Web page caption snippets

== Segment start ==

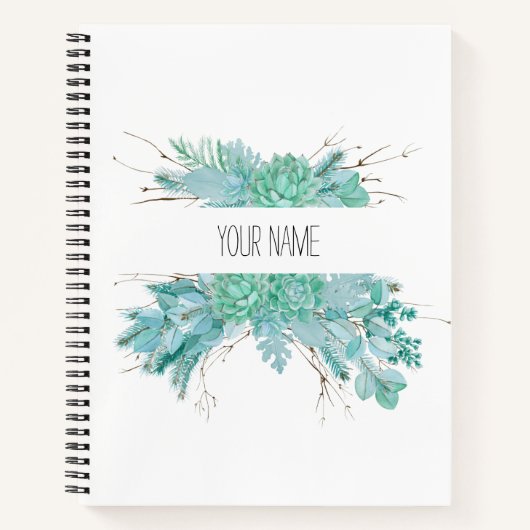 Gepersonaliseerde Waterverf vetplanten Notitieboek (Voorkant)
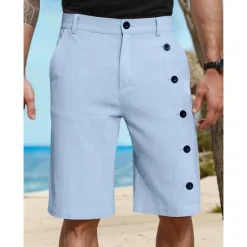 Clearance OUKU Men's Shorts Linen Shorts Summer Shorts Pocket Side Button Straight Leg Solid Color Comfort Breathable Knee Length Casual Daily Vacation Fashion White Green Inelastic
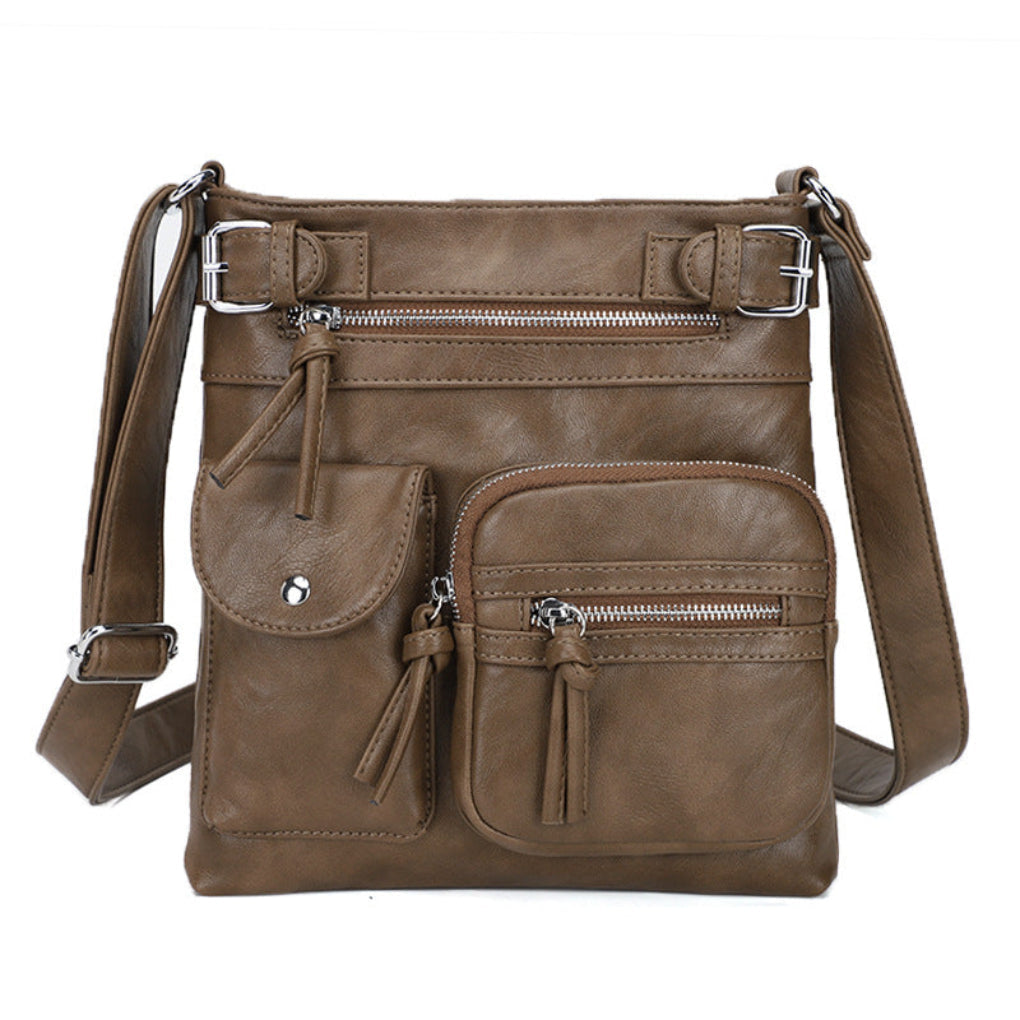 Women's Leather Shoulder Bag Multi Pocket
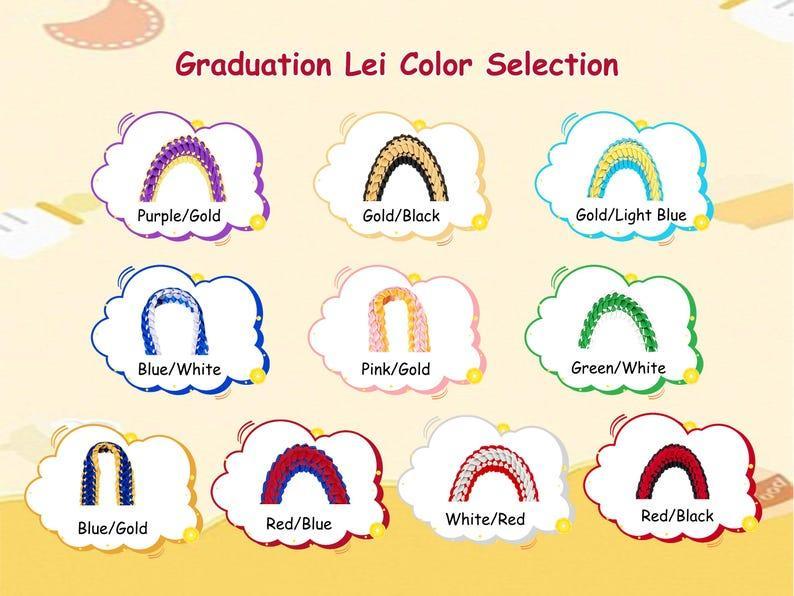 2025 Graduation Lei with Name, Braided Satin Ribbon Personalized, Senior Night Gift Lei, Personalized Custom Lei for Graduation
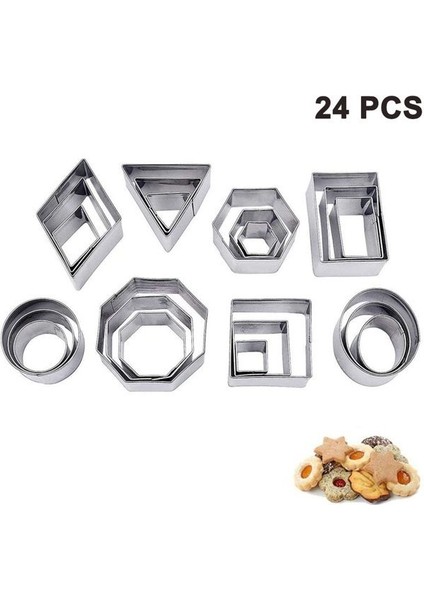 24 Paslanmaz Çelik Bisküvi Diy Geometrik Desenli Kurabiye Kalıbı Seti (Yurt Dışından)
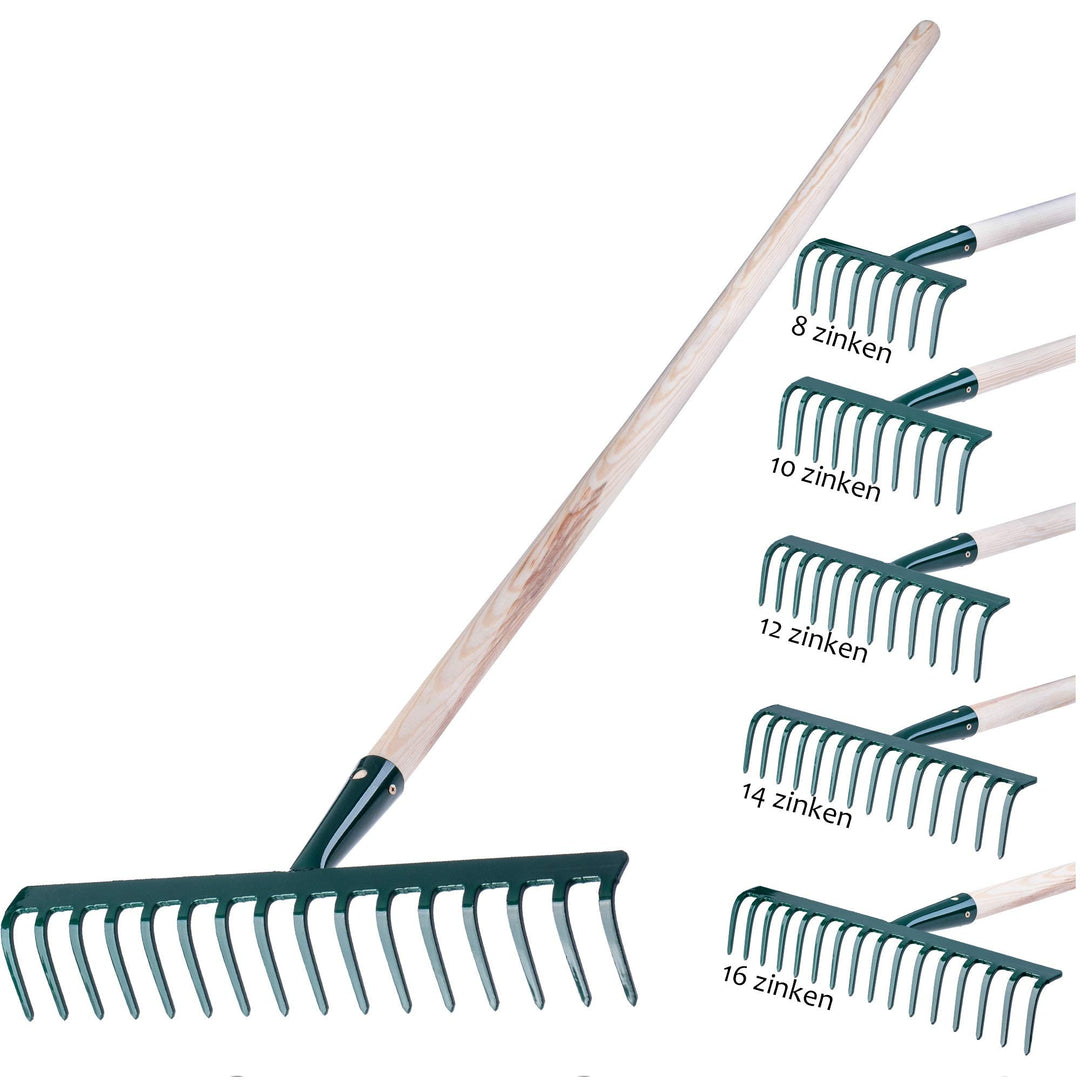 KADAX Rechen aus Metall, Flache Harke mit Stiel aus Holz, Laubbesen für Garten, Beet, Laubrechen, Ra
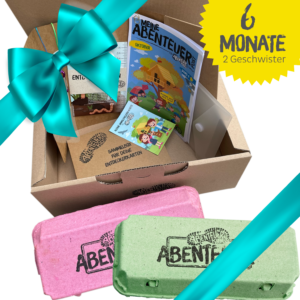 Das ist die Starterbox der Abenteuerbox von Abenteuerkids. Erlebnisse für Draussenkinder und Abenteuer Kids.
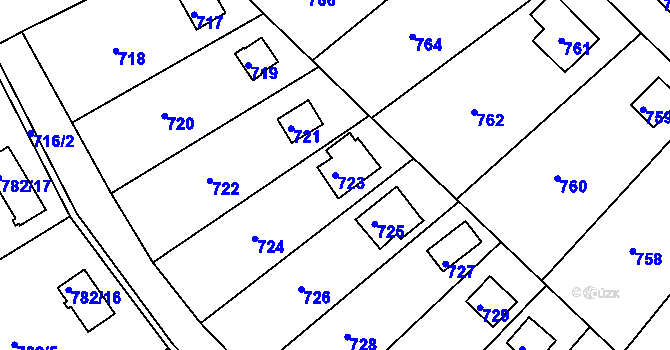 Parcela st. 723 v KÚ Hamry nad Sázavou, Katastrální mapa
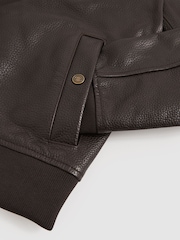 Reiss Brown Cast Leather Bomber Jacket - Image 6 of 6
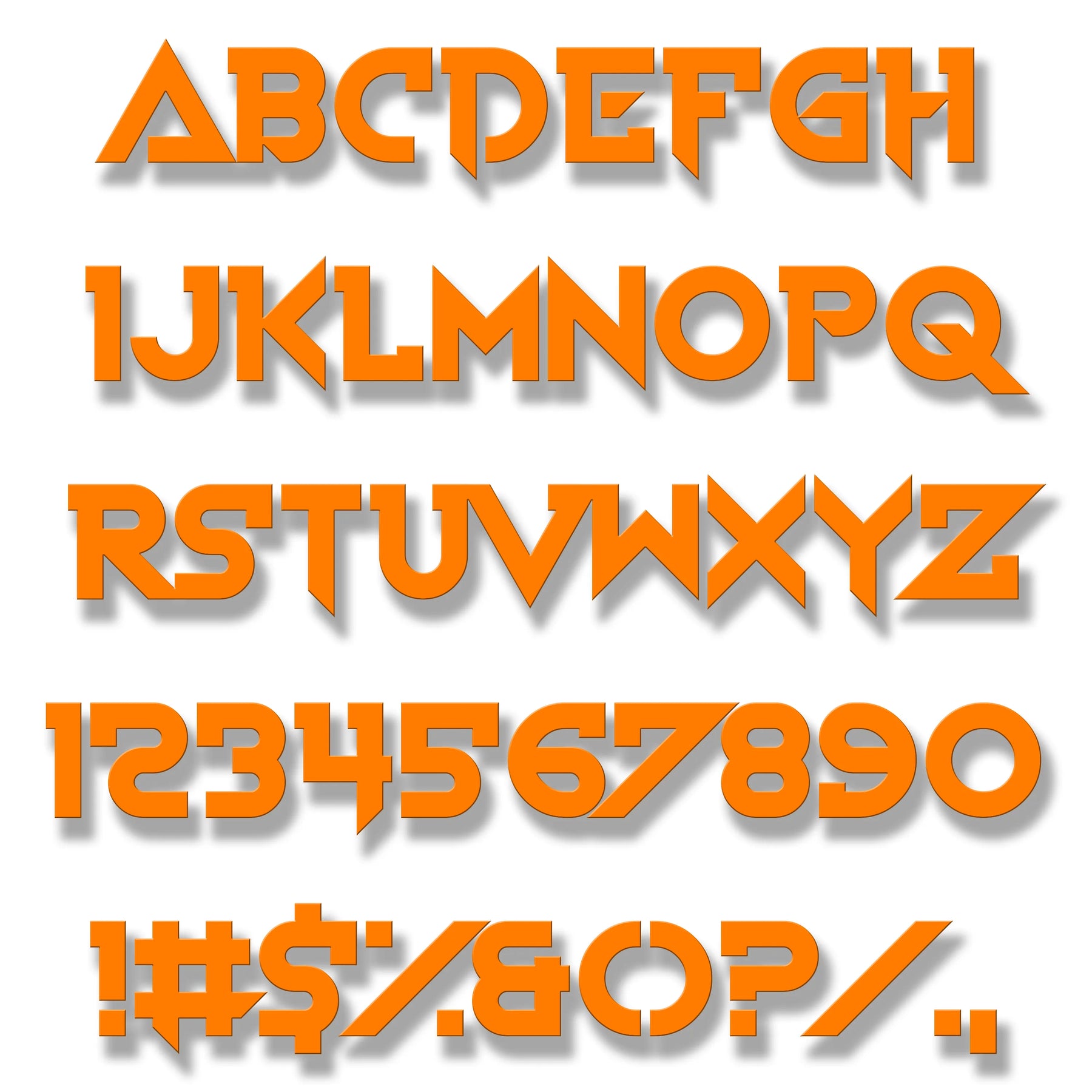 Individual letters - Bold Font - Orange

== Segment end ==

You are asked to output the records precisely as they appear, minus any pictures.

 Gepersonaliseerde Waterverf vetplanten Notitieboek (Voorkant)
 Clearance OUKU Men's Shorts Linen Shorts Summer Shorts Pocket Side Button Straight Leg Solid Color Comfort Breathable Knee Length Casual Daily Vacation Fashion White Green Inelastic
 Women's Leather Shoulder Bag Multi Pocket
 2025 Graduation Lei with Name, Braided Satin Ribbon Personalized, Senior Night Gift Lei, Personalized Custom Lei for Graduation
 24 Paslanmaz Çelik Bisküvi Diy Geometrik Desenli Kurabiye Kalıbı Seti (Yurt Dışından)
 KADAX Rechen aus Metall, Flache Harke mit Stiel aus Holz, Laubbesen für Garten, Beet, Laubrechen, Ra
 Das ist die Starterbox der Abenteuerbox von Abenteuerkids. Erlebnisse für Draussenkinder und Abenteuer Kids.
 Parcela st. 723 v KÚ Hamry nad Sázavou, Katastrální mapa
 Reiss Brown Cast Leather Bomber Jacket - Image 6 of 6
 Individual letters - Bold Font - Orange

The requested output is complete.